** Data block follows **
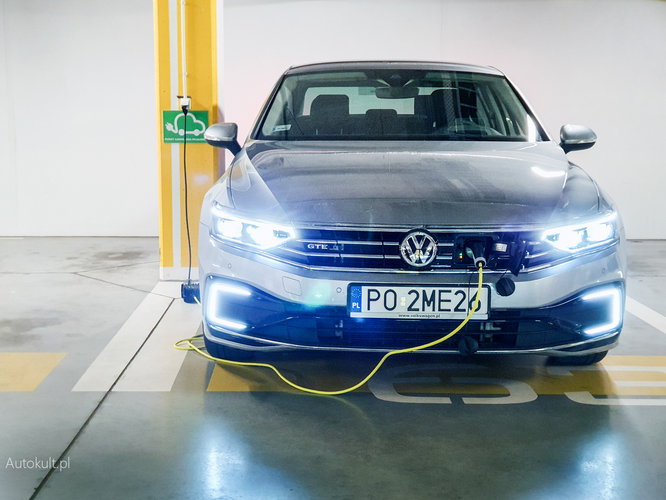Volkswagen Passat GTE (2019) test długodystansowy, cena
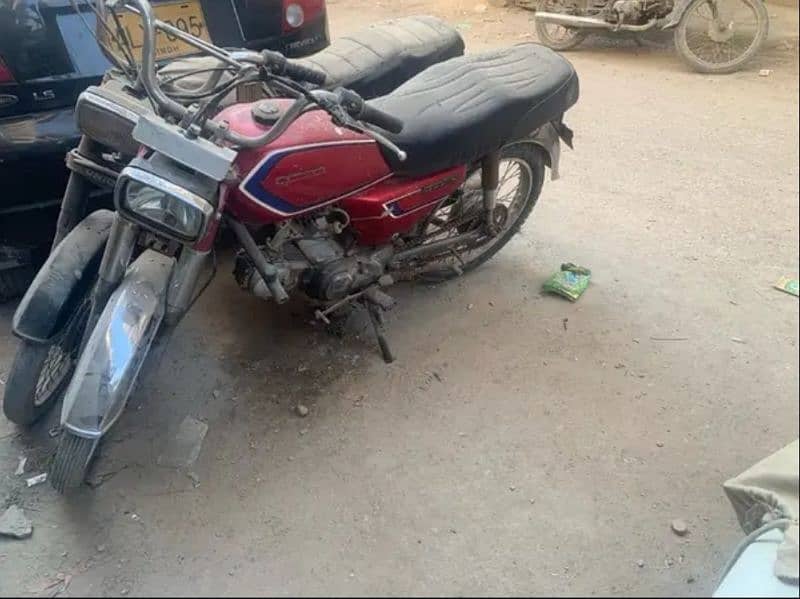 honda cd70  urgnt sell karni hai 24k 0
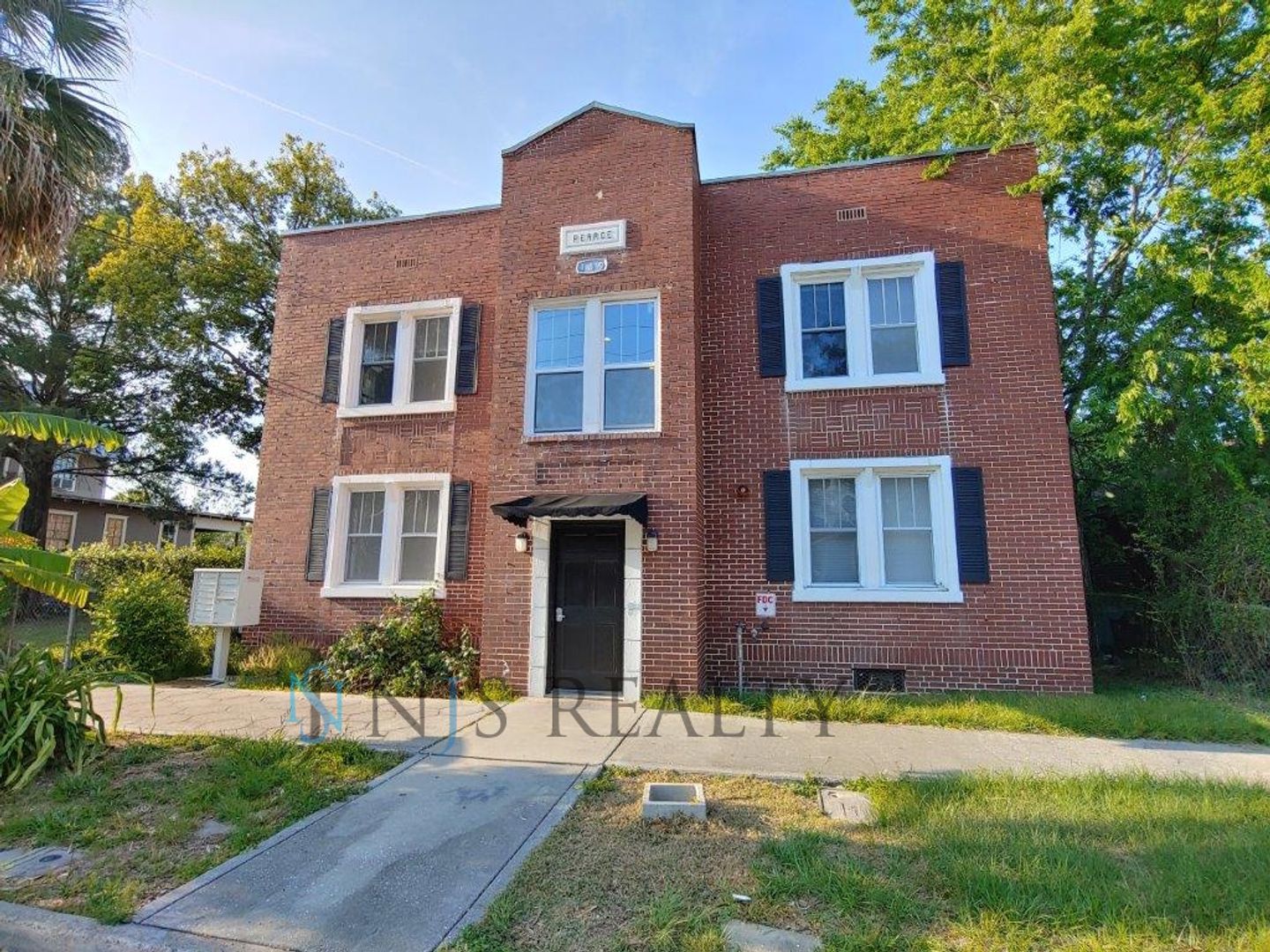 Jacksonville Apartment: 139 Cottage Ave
** End of Data block **
» **How to complete this task**
Write the material out again exactly. Skip each picture.

» **Result**
Volkswagen Passat GTE (2019) test długodystansowy, cena
 honda cd70  urgnt sell karni hai 24k 0
 Jacksonville Apartment: 139 Cottage Ave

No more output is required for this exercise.